Davide Ghirlandaio’s Portrait of Selvaggia Sassetti (Fig. 6), the daughter of a Florentine banker, shows us a three-quarter view of a gamurra made of shiny silk, with other indications of luxury like the gold embroidery surround the eyelets of her front-lacing bodice, and the pearl and ruby pendant of her coral necklace. The sleeves of her gamurra have been sewn to the bodice only at the shoulder, allowing the chemise to spill out below. Both her chemise and her fine linen gorget, the kerchief covering her shoulders (Van Buren and Wieck 305), are edged with tiny white loops of embroidery. Her hair is in the style most favored in Florence during this decade, cut short and waved at the sides to cover the ears, with the rest coiled around the back of the head.

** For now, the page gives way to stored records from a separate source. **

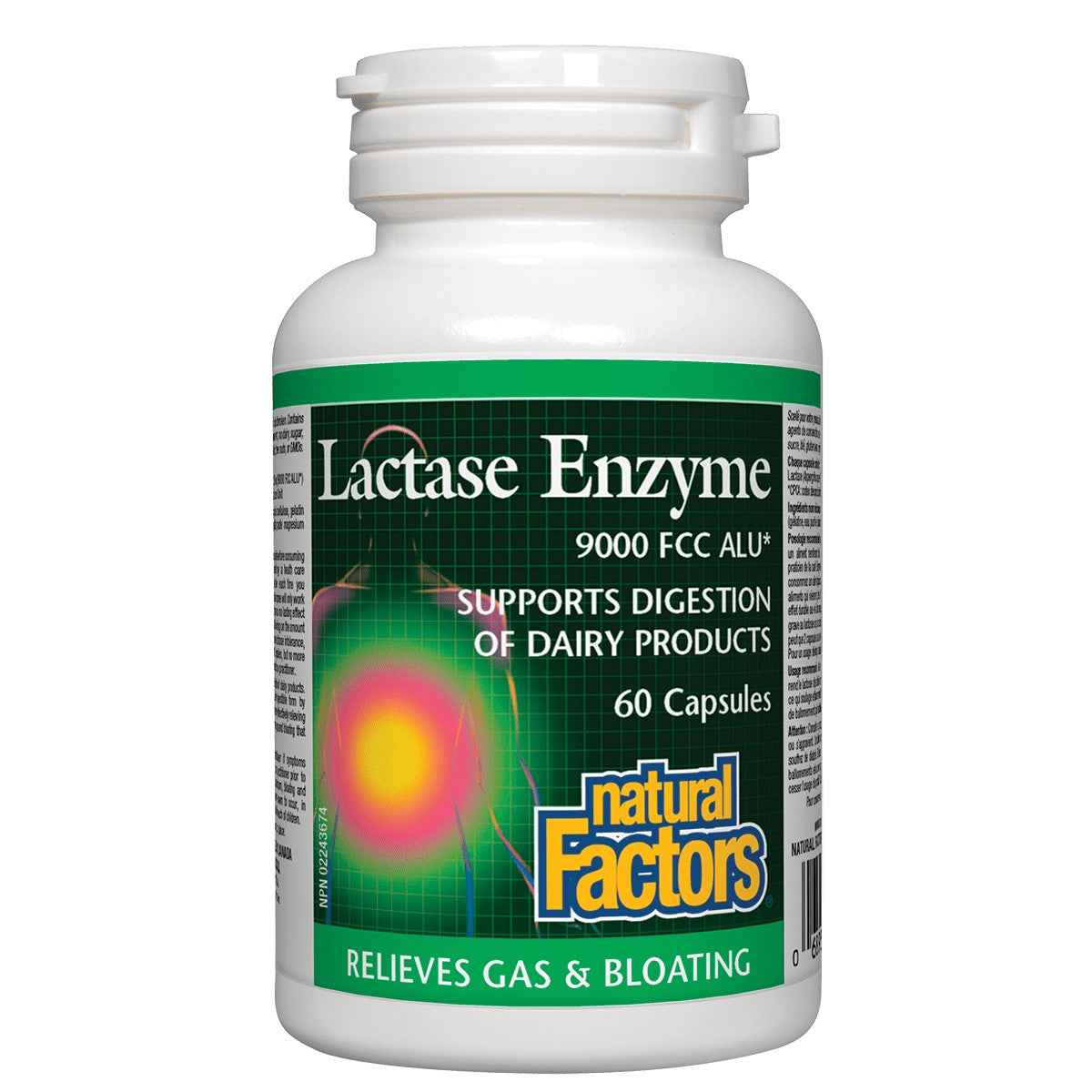 Natural Factors Lactase Enzyme -- 9000 FCC - 60 Capsules
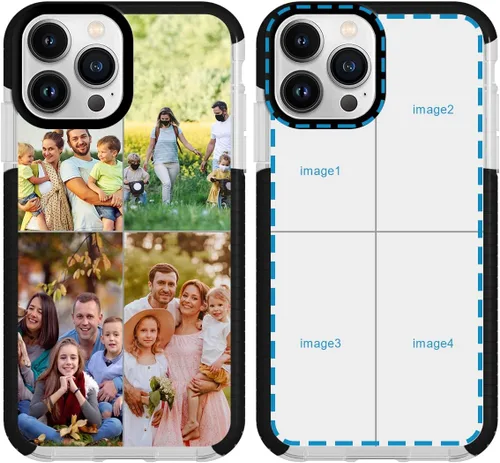 Vista 10 de Funda personalizada para iPhone 15 Pro Max personalizada con collage de múltiples imágenes, resistente a los impactos, funda protectora de TPU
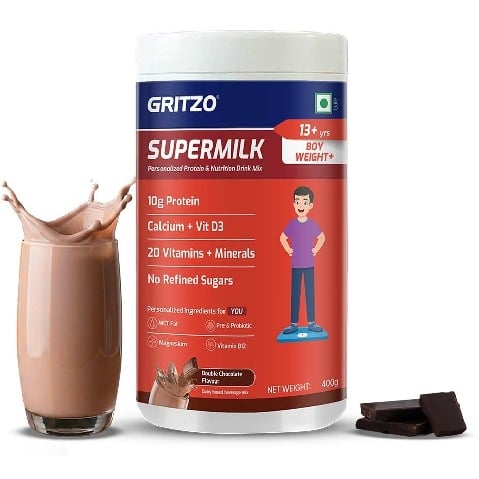 20 - Supermilk Gritzo Weight + for Boy 13+ Yrs Personalized Protein & Nutrition Drink Mix,  400 g  Double Chocolate 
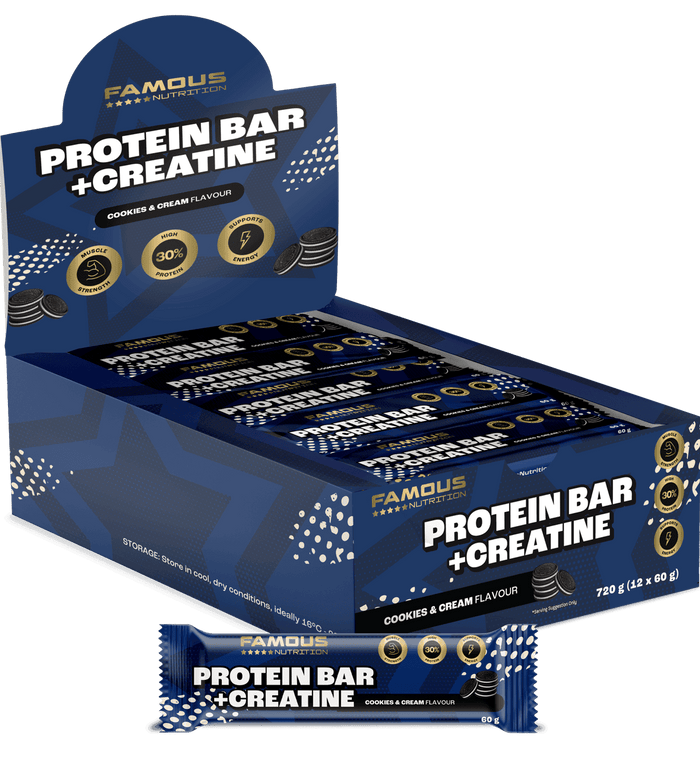 Famous Nutrition Creatine Protein Bar Cookie & Cream 60G - Life Pharmacy Orewa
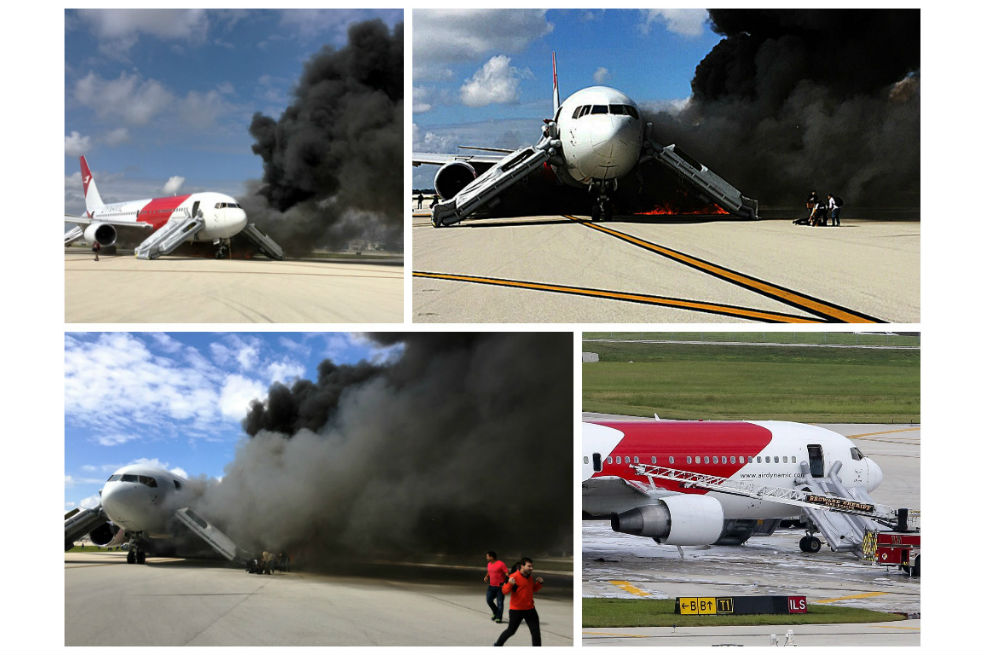 En imágenes: Avión con más de 100 personas a bordo se incendió al despegar
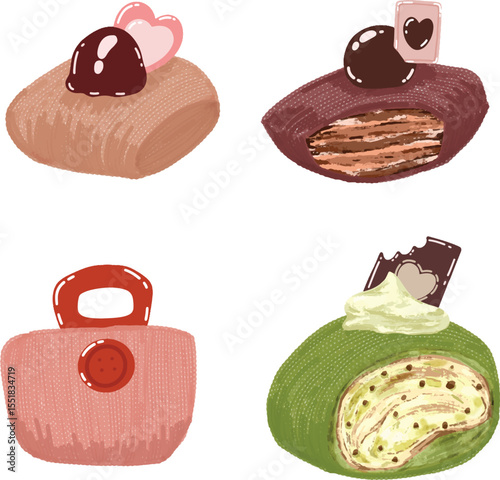 Crochet of Japanese cakes viral vector art. Cakes with crochet pattern clipart.
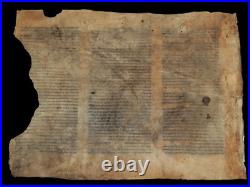 Ancient Torah Scroll Fragment 250y Genesis Creation Kabbalah Manuscript Germany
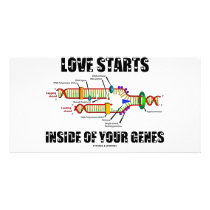 Love Starts Inside Of Your Genes (DNA Replication) Personalized Photo Card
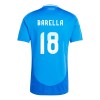 Virallinen Fanipaita Italia Nicolo Barella 18 Kotipelipaita Euro 2024 - Miesten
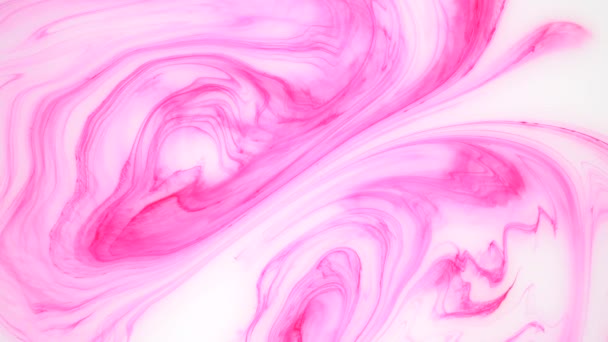 Manchas de tinta rosa y blanca en el agua. Imágenes de fondo abstractas . — Vídeo de stock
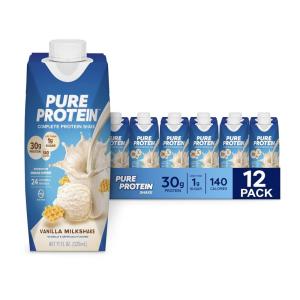 image:imagePure Protein Complete Protein Shake Frosted Cereal 30g High Protein Drink Less than 1g Sugar 4g Fiber Ready to Drink Non GMO OntheGo Shakes 11oz Bottles 12 PackVanilla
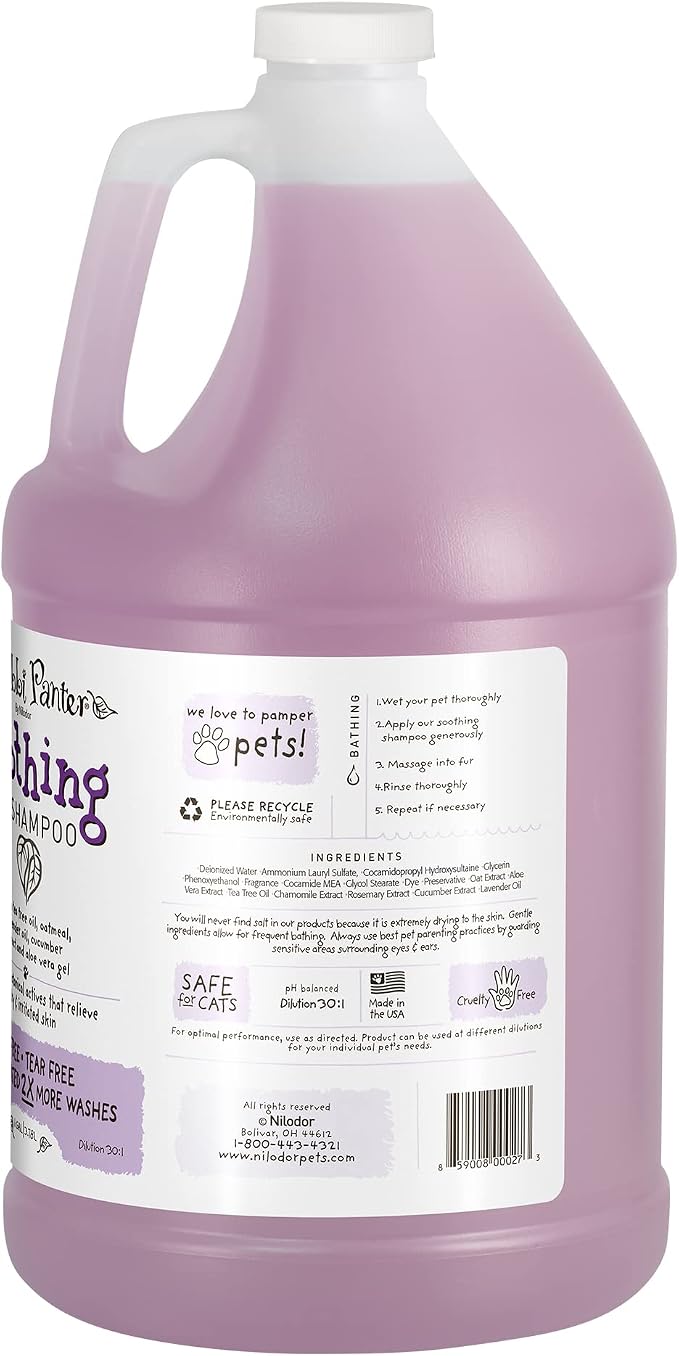 Bobbi Panter Soothing Dog Shampoo Tea Tree, Lavender, Cucumber & Oat Protein – Natural Formula for Sensitive Skin & Irritation Relief, Tear-Free, 30:1 Concentrate, Made in USA, 1 Gallon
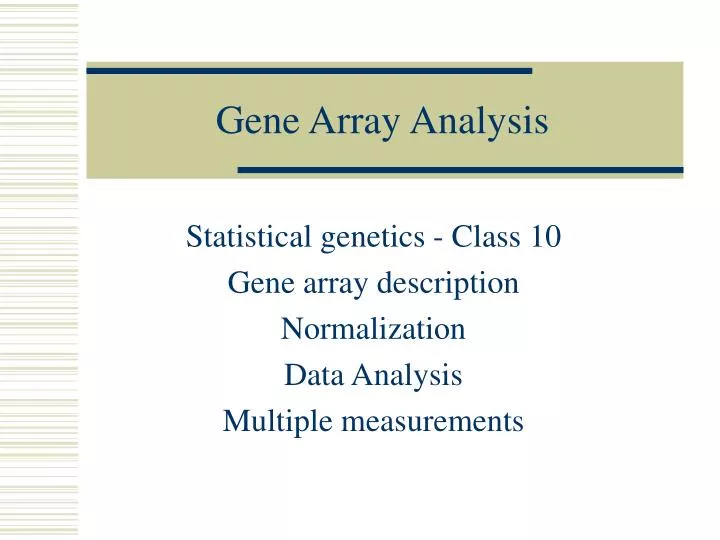 gene array analysis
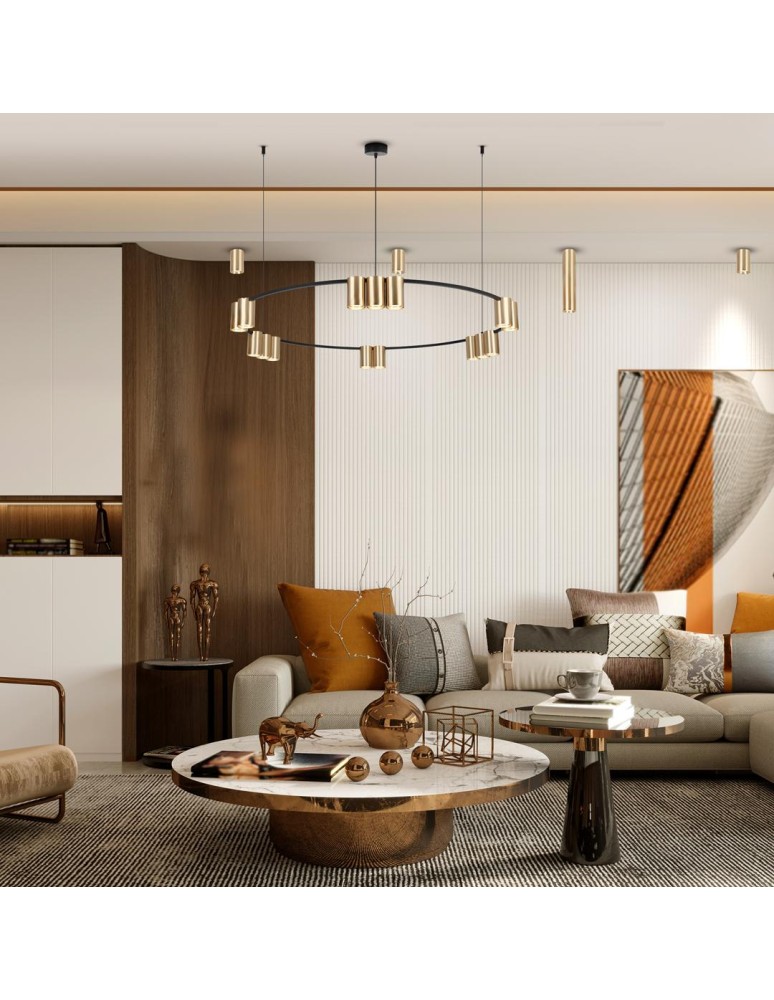 Pendant lamps circles - Milagro Pendant lamp (circle) GENESIS BLACK GOLD 15xGU10 ML0378 - product kolory-swiatla.pl 4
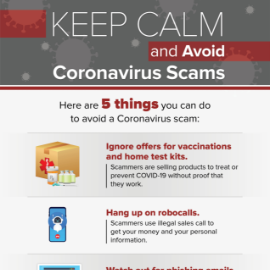 Keep Calm and Avoid Coronavirus Scams inforgraphic thumbnail.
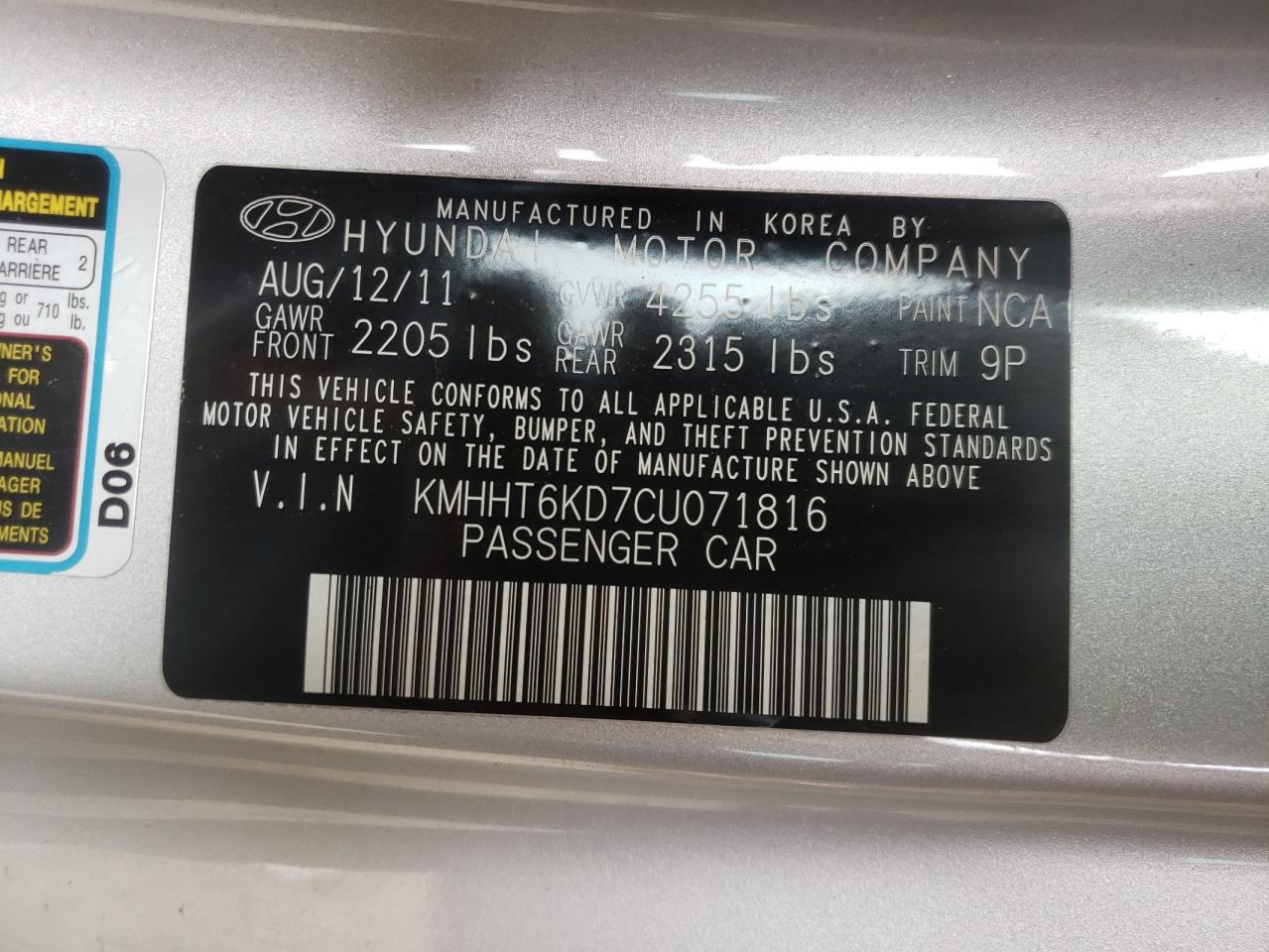 Photo 10 from auction – 2012 HYUNDAI GENESIS CO with VIN KMHHT6KD7CU071816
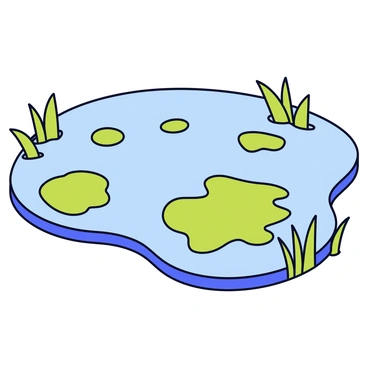 A pond with a surface covered in bright green cyanobacteria. The water reflects the clear blue sky above. Small ripples disturb the surface in some areas, creating a contrast with the still patches. Lush green reeds line the edges of the pond, adding to the natural setting.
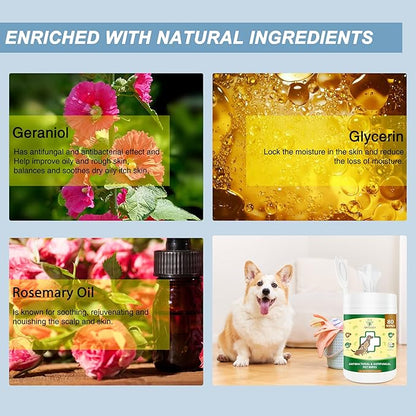 Natouch Antifungal and Antibacterial Wipes for Dogs & Cats, Dog Yeast Infection Treatment Wipes, All Natural Grooming Wipes for Cleaning, Help with Hot Spots, Ringworm, and Skin Infections, 80 Count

The same young woman appears along with her sisters as witnesses to a miracle of Saint Francis, in a fresco by Domenico Ghirlandaio completed a few years earlier in the Sassetti Chapel in the Basilica of Santa Trinita in Florence (Fig. 7). Women rarely ventured out in public without an outer garment over their gamurre (Frick 162). Here Selvaggia Sassetti, who was only about fifteen years old in this portrait, wears a blue cioppa, a long-sleeved outer garment typically worn in winter (Frick 163). The sleeves of this cioppa have been pushed up above the elbow, revealing the sleeves of the dark red gamurra worn underneath. The cioppa has a scoop neckline, filled in with a linen gorget, and a train at the back that has been turned up and caught by the belt, which is placed at a high waistline. Selvaggia’s older sister Elisabetta stands behind her, dressed in a similar dark red gamurra but wearing a different outer garment, the giornea (Herald 218), a sideless cape that opens partially down the front, where we can see the front lacing of her gamurra; her sleeves too are made in the Spanish split style, with the upper part of the sleeve trimmed with the same fabric used for the giornea, a beautiful patterned voided velvet or bicolored damask. This giornea, like her sister’s cioppa, has a looped-up train, though it is not belted in the front.

Portrait of a Woman,

Fig. 5 - Sandro Botticelli (Italian, c.1445-1510). Portrait of a Woman,, ca. 1485. Tempera on wood; 61 x 40.5 cm. Florence: Palazzo Pitti, Inv. 1912 n. 353. Source: Uffizi

Portrait of Selvaggia Sassetti

Fig. 6 - Davide Ghirlandaio (Italian, 1452–1525). Portrait of Selvaggia Sassetti, ca. 1487-88. Tempera on wood; 57.2 x 44.1 cm (22 1/2 x 17 3/8 in). New York: The Metropolitan Museum of Art, 32.100.71. The Friedsam Collection, Bequest of Michael Friedsam, 1931. Source: MMA

Detail from The Resurrection of the Child

Fig. 7 - Domenico Ghirlandaio (Italian, 1449-1494). Detail from The Resurrection of the Child, 1483-5. Fresco. Florence: Santa Trinita. Source: Web Gallery of Art

Detail from The Birth of St. John the Baptist

Fig. 8 - Domenico Ghirlandaio (Italian, 1449-1494). Detail from The Birth of St. John the Baptist, 1485-90. Fresco. Florence: Cappella Tornabuoni, Santa Maria Novella. Source: Wikimedia Commons

The giornea was usually the outer garment of choice for the spring and summer months (Frick 162) and since it was sleeveless and open at the sides, it allowed a view of the gamurra underneath. The young woman who witnesses the scene in Ghirlandaio’s The Birth of St. John the Baptist (Fig. 8) wears the two garments in contrasting patterned silks. The gamurra is in white satin brocaded or embroidered with small red flowers and gold pomegranate motifs. The bodice fronts were cut so narrow in the front that the chemise is exposed almost to the waistline. The giornea is a lavender-pink silk, brocaded with gold pomegranates, trimmed with gold embroidery along its partial front opening, and dagged along the edges of the back panel. Dagging was a decorative cutwork technique that was more rare in the 1480s than in earlier decades (Van Buren and Wieck 302); in this case the silk has been cut into the shape of oak leaves. This giornea too has a long train, which the young woman carries over her right arm. She has been variously identified as Ludovica Tornabuoni, daughter of the patron Giovanni Tornabuoni, or his daughter-in-law, Giovanna degli Albizzi, who also appears in another scene in the fresco cycle in a more definitive portrait.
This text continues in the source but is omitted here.